The nomination and Remuneration Committee is established by and is responsible to the Board of Commissioners to assist the Board of Commissioners in carrying out its functions and duties relating to the Nomination and Remuneration of the Board of Directors and the Board of Commissioners members, including the Board of Directors and the Board of Commissioners members of its subsidiaries.

Composition of Nomination and Remuneration Committee

The Nomination and Remuneration Committee (hereinafter referred to as the NR Committee) consists of an Independent Commissioner as the Chairman and 1 (one) internal party who holds a managerial position under the Board of Directors and 1 (one) independent external party as a member who has fulfilled the requirements of the Financial Services Authority Regulation No. 34/POJK.04/2014 concerning the Nomination and Remuneration Committee of Issuers or Public Companies.

In 2022 there was a change in the composition of the NR Committee for the term of 2022 – 2025 based on the Board of Commissioners Decree Number: 001/SM/SKDEKOM/XI/22 dated November 20, 2022. Therefore, the composition of the NR Committee as of December 31, 2022, is as follows:

Position Name
Chairman concurrently Member dr. Mohammad Adib Khumaidi
Member Prof. Rhenald Kasali
Member Ho Siu May
Statement of Independency

All members of the NR Committee are committed to carrying out their duties and responsibilities by upholding GCG principles and being objective, professional, and independent. NR Committee will not make decisions under the pressure and intervention of any party and avoid any potential conflict of interest. The NR Committee members do not have affiliate relationships both in a family and business relationship with members of the Board of Commissioners, the Board of Directors, and Major and/or Controlling Shareholders.

NR Committee Charter

The NR Committee has an NR Committee Charter as a guideline for its duties and functions. Provisions stipulated in NR Committee Charter include

  1. Structure and office terms,
  2. Duties and responsibilities,
  3. Work procedures,
  4. Meetings,
  5. Reporting and disclosure, and
  6. Budget.
Duties and Responsibilities

Duties and responsibilities of NR Committee as stipulated in NR Committee Charter include nomination and remuneration functions as follows:

Regarding Nomination Functions:

  1. To provide recommendations to the Board of Commissioners related to:
    • The composition of members of the Board of Directors and the Board of Commissioners;
    • The policy and standards of the nomination process; and
    • The policy on performance evaluation for members of the Board of Directors and the Board of Commissioners.
  2. To assist the Board of Commissioners in evaluating the performance of members of the Board of Directors and the Board of Commissioners based on standards that have been prepared as evaluation material;
  3. To provide recommendations to the Board of Commissioners regarding capacity-building programs for members of the Board of Directors and/ or members of the Board of Commissioners;
  4. To provide recommendation for candidates who meet the requirements as members of the Board of Directors and/or members of the Board of Commissioners to the Board of Commissioners, to be presented to the GMS.

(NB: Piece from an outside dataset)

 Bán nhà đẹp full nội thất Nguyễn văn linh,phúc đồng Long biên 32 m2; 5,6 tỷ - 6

Regarding Remuneration Functions:

  1. To provide recommendations to the Board of Commissioners regarding the structure, policies, and amount of remuneration for members of the Board of Directors and the Board of Commissioners.
  2. To assist the Board of Commissioners in evaluating performance according to the remuneration received by each member of the Board of Directors and the Board of Commissioners.
NR Committee Meetings

Meeting Policy

  1. NR Committee must hold regular meetings at least 1 (one) time in 4 (four) months;
  2. Committee meeting can only be held if:
    1. it is attended by the majority of the Committee’s members, and
    2. one of the majority of the Committee’s members as referred to in letter (a) is the Chairman of the Committee.
  3. Decision making based on deliberation to reach a consensus. If deliberation for consensus is not reached, decisions are taken based on majority votes.
  4. The results of meeting must be recorded in the minutes of meeting and submitted in writing to the Board of Commissioners and documented by the Company.
  5. Minutes of meeting should record the dissenting opinion (if any) from Committee members, and the reason for the dissenting opinions.

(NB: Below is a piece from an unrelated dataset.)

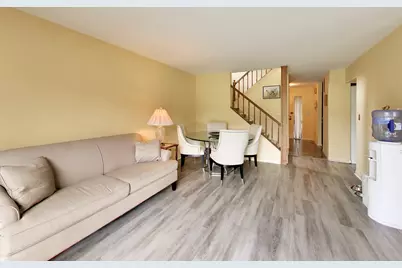 418 Bluebird Lane #418, Deerfield, IL 60015 - Photo 3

Meeting Frequency, Agenda, and Attendance Rate

In 2022, NR Committee held seven meetings attended by all Committee members. The committee meeting may invite the Company’s internal parties, including the Board of Commissioners, the Board of Directors, or other functions if needed. Dates, meeting agenda, and attendance rate of committee members are as follows:

Meeting Date Attendance Meeting Agenda Meeting
January 20 3 people | 100%
  • Performance evaluation of the Board of Directors (self assessement)
  • Proposal of the Board of Directors and the Board of Commissioners salary for fiscal year 2022
  • Preparation of the 2021 NR Committee Report
April 20 2 people | 67% Review of the Board of Directors KPI 2022
May 27 3 people | 100% Review of the Board of Directors KPI 2022
June 2 3 people | 100% Review of the Board of Directors and General Managers KPI 2022
June 17 3 people | 100% Determination of the Board of Directors and General Manager KPI 2022
September 5 3 people | 100%
  • Review on the needs of HR Division Head
  • Preparation of NR Committee work plan 2023
November 2 2 people | 67% Strengthening HR Division
Summary of NR Committee Activities in 2022

The NR Committee performed the following duties and responsibilities referring to the NR Committee Charter, the Board of Commissioners directives, and the applicable laws and regulations:

  1. Prepared recommendation for remuneration of the Board of Directors and the Board of Commissioners for GMS approval.
  2. Assisted the Board of Commissioners in following up on the AGMS resolution which delegated authority to the Board of Commissioners to determine salary and benefit of the Board of Directors of the Company for the financial year 2022.
  3. Assisted the Board of Commissioners in reviewing the achievements of the Board of Directors’ KPIs in 2021.
  4. Proposed to the Board of Commissioners regarding the salary increase for the Board of Directors in 2022 and bonuses for the Board of Directors in 2021.
  5. Developed KPI Directors in 2022.